◆ Work request
Among the lines below, restate word for word only those from the line with "sit&more Hocker der Marke Sit&More" through the line with "Damsolglasögon Kate Spade MARLOWE_G_S - 3", with both end lines kept.

◆ Source data
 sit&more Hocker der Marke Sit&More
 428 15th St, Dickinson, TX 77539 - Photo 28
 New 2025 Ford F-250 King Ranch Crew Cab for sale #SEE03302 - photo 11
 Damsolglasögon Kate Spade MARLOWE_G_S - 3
...
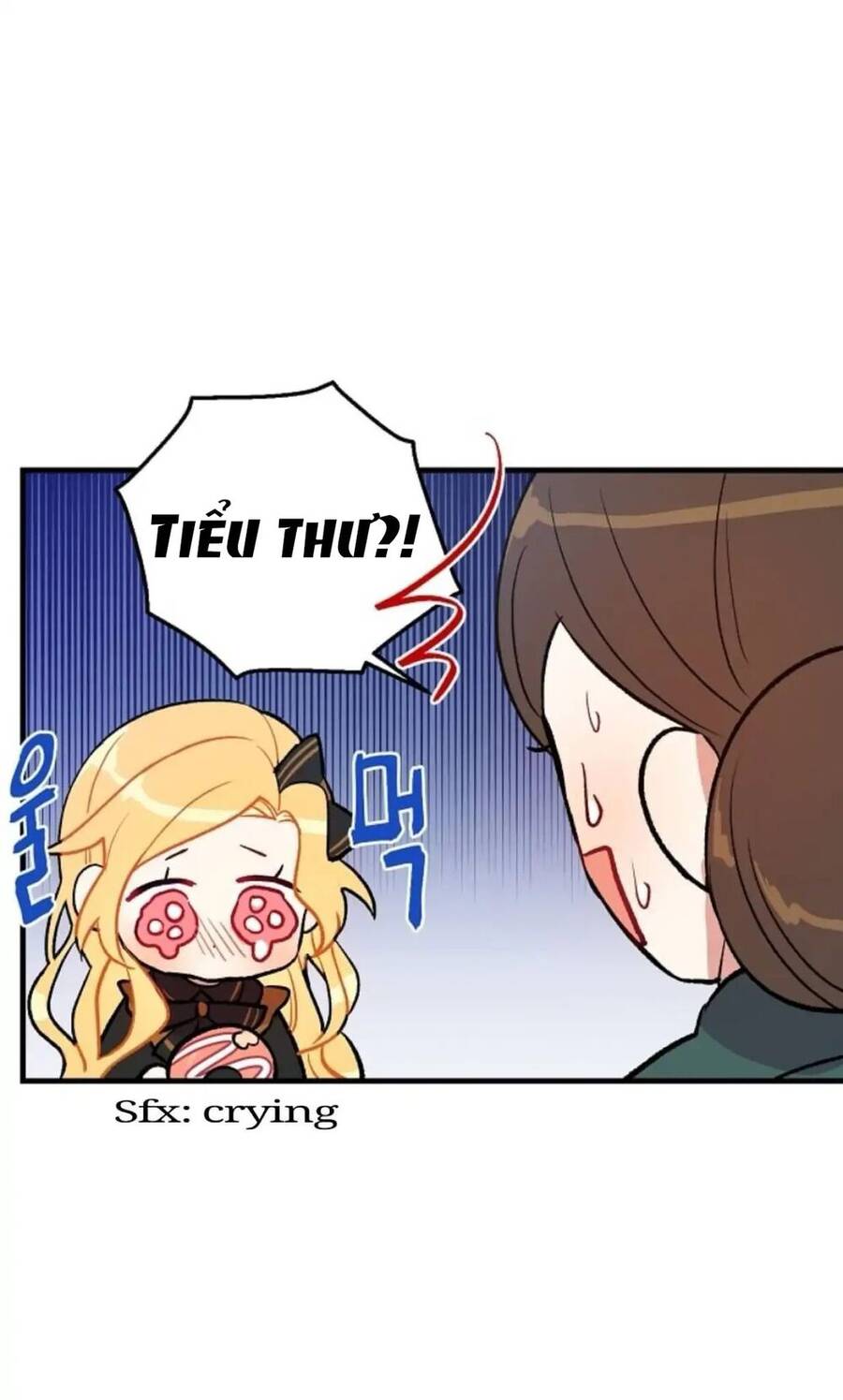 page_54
==
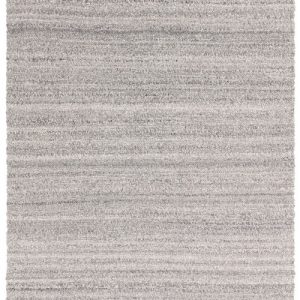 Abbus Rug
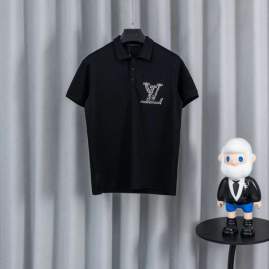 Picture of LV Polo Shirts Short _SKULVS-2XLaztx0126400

◆ Written solution
 sit&more Hocker der Marke Sit&More
 428 15th St, Dickinson, TX 77539 - Photo 28
 New 2025 Ford F-250 King Ranch Crew Cab for sale #SEE03302 - photo 11
 Damsolglasögon Kate Spade MARLOWE_G_S - 3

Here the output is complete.